Jean seeks to protect Nelly from these predators and to help her stand on her own feet. Of course he has fallen for the enigmatic Nelly by the time he learns of a ship leaving for Venezuela; perhaps at least one of them can be on it? Or maybe both of them? Or is that asking too much of life’s rotten business?
Although director Marcel Carné (1906-1996) did not like this term (he did not feel he was making a realist film at all), what he produced was, as critic Frank S. Nugent says, “a remarkably beautiful motion picture from the purely pictorial standpoint and a strangely haunting drama.” And according to DVD notes by Luc Sante, it is a fine example of a national cinema “that stood every inch as tall as Hollywood” in terms of its grace and beauty and power, and in the … “hazy lights, the wet cobblestones, the prehensile poplars lining the road out of town, the philosophical gravity of peripheral characters, the idea that nothing in life is more important than passion.” Well, this is France after all!
Adapted from a novel by Pierre Dumarchais, Quai des Brumes was a huge critical and commercial success on its release in May 1938; it won both the Grand Prix National du Cinéma Français and the Prix Louis-Delluc. However, the censors had been uncomfortable about its tenor and had not allowed Gabin’s character to be explicitly label an army deserter. Carné (left) would later work in the Vichy zone, where heis constant aim was to subvert the regime’s attempts to control art.
Although Quai des Brumes made no mention of war – or the threat of war – a desperate atmosphere nevertheless pervades every frame of the film and perhaps for this reason alone, once war eventually did break out, Quai des Brumes was banned for being ‘immoral, depressing and detrimental to young people.’ Indeed a spokesman for the Vichy government famously declared: ‘If we have lost the war, it is because of Quai des Brumes.’ Marcel Carné’s reasoned response was that ‘you do not blame a barometer for forecasting the storm.’
This was the first of Carné’s collaborations with poet-scriptwriter Jacques Prévert, while Eugen Schüfftan provided the expressionistic photography; the set designs of Alexandre Trauner were ingenious and a score by Maurice Jaubert was romantic and doom-laden.
The 34-year-old Jean Gabin was already the most famous star in French cinema, while at only seventeen, Michèle Morgan was instantly hailed as the new Garbo. The character of Nelly at first seems ethereal and preoccupied, but then she comes to life in the kind of scene that would not be able to be shown in an American movie for another 20 years or more..
WAY AHEAD OF ITS TIME
At a time when Hollywood was ruled by the rigid Hayes code (which stamped out any hint of sexuality) Quai des Brumes makes no bones about a very explicit ‘morning after’ scene in a hotel room: Jean and Nelly have not only quite obviously aleady had sex, but they seem ready to go at it again when he grabs her and they embrace, falling on the bed before a fade-out can hide them from our gaze!

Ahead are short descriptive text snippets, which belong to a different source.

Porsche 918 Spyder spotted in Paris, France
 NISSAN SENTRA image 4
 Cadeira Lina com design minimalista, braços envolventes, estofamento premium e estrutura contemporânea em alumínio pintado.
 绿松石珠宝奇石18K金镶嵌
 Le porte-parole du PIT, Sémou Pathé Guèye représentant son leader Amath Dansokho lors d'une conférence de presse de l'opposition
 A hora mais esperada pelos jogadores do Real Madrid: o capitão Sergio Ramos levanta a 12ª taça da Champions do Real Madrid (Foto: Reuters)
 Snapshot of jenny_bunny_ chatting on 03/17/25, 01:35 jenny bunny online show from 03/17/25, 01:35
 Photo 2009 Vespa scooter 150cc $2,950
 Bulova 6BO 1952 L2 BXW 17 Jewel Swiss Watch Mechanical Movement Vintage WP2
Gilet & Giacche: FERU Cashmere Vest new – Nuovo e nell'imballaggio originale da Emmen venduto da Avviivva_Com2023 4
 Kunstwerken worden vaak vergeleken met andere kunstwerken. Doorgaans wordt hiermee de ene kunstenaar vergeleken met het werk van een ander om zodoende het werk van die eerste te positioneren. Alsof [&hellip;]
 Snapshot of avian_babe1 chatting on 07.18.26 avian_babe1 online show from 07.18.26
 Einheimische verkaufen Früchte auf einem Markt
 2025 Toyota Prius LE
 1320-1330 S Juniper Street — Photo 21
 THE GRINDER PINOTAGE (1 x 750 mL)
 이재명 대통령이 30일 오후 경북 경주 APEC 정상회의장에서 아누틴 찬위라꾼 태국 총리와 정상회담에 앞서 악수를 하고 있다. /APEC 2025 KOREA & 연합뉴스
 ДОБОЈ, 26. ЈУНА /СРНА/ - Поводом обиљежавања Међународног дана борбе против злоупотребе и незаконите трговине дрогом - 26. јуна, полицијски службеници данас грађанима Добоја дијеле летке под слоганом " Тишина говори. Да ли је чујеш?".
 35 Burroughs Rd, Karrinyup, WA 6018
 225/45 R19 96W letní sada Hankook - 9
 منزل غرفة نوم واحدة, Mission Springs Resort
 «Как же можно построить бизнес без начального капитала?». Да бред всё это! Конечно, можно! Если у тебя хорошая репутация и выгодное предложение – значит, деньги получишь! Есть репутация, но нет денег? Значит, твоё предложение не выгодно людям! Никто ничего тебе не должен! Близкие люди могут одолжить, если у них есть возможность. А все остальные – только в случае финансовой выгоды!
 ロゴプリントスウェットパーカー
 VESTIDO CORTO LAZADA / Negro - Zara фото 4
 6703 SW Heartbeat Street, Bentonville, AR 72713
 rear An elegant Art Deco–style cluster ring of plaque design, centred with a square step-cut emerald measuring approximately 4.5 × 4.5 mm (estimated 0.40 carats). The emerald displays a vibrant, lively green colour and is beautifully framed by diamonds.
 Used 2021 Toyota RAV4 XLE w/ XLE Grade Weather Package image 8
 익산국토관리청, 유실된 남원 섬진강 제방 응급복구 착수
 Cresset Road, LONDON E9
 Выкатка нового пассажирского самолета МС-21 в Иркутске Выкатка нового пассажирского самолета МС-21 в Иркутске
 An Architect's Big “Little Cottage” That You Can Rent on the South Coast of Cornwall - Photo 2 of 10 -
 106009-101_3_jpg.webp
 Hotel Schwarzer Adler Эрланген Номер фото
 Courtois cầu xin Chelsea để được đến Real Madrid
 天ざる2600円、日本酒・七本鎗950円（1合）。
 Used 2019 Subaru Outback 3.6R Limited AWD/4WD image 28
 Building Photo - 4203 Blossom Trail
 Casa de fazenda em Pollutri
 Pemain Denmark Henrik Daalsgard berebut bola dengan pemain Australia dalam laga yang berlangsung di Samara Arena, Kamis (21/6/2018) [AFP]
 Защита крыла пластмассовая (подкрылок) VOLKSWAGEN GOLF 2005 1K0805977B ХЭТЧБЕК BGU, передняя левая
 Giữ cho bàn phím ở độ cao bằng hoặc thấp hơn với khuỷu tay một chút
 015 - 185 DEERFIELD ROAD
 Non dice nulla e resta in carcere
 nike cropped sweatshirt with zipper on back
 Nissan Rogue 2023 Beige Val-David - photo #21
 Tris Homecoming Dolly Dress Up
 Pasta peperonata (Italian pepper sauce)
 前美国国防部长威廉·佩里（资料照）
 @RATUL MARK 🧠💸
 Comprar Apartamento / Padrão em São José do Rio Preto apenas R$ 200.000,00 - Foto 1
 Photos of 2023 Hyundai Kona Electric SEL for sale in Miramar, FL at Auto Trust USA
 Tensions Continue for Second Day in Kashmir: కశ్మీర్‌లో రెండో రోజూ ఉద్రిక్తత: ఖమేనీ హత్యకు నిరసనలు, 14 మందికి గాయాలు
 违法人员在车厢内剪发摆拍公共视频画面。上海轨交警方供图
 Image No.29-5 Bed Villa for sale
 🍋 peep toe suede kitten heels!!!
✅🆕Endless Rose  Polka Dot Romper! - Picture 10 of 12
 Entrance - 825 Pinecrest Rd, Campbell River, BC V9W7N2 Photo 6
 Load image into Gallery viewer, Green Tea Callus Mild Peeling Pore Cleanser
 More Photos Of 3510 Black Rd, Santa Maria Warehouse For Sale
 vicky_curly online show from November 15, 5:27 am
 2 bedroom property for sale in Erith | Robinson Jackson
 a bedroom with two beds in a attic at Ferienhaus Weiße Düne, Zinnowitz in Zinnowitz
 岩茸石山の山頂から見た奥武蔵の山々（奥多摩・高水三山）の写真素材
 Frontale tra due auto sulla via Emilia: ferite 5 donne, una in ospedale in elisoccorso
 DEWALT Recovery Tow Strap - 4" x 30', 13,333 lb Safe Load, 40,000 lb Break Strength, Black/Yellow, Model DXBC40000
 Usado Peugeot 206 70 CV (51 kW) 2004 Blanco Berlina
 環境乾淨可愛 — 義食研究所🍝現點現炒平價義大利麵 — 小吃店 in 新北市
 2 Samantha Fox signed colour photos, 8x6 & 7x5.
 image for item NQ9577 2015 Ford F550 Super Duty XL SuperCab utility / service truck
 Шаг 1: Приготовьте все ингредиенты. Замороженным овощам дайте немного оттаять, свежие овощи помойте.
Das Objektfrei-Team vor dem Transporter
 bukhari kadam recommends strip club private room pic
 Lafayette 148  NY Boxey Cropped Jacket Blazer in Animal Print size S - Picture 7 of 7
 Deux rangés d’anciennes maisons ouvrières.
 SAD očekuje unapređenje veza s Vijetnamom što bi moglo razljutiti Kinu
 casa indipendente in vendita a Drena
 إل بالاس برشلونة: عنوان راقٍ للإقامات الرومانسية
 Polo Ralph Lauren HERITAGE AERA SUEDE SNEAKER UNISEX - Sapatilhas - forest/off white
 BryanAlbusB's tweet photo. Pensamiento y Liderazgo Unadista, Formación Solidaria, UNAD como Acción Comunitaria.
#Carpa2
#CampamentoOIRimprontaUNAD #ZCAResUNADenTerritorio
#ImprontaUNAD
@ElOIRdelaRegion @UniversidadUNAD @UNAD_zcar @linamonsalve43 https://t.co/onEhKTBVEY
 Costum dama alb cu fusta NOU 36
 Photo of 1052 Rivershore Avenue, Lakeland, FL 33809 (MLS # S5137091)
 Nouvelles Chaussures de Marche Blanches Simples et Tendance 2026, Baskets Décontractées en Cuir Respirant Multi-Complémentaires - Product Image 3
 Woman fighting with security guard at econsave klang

Their remarkably frank eroticism has been compared with that of Bogart and Bergman in Casablanca (1942) – a film with which it bears quite a few similarities.
In addition, at a time when being explicit about such things was almost completely forbidden, the suggestion that Nelly’s foster-father may have molested her and moreover that he still lusts after her is boldly scripted.
After the war, ex-pat European filmmakers like Otto Preminger and Fritz Lang, and who were admirers of poetic realist films like this, either remade them or imitated them in Hollywood. These films told stories of drifters and prostitutes, petty criminals and working class people who get our synpathy because their lives seem to be at the mercy of fate – just as are the lives of these characters played by Gabin and Morgan. In America such tragedies of hope, of unrealised dreams, of mad love and a world that renders optimism simply preposterous seemed un-American. But this was because, really, they were European films They looked back as longingly to German expressionist films and to French poetic realist cinema as Nelly looks for solace and as Jean looks for a way out. They have become recognisable as a genre that we now call film noir.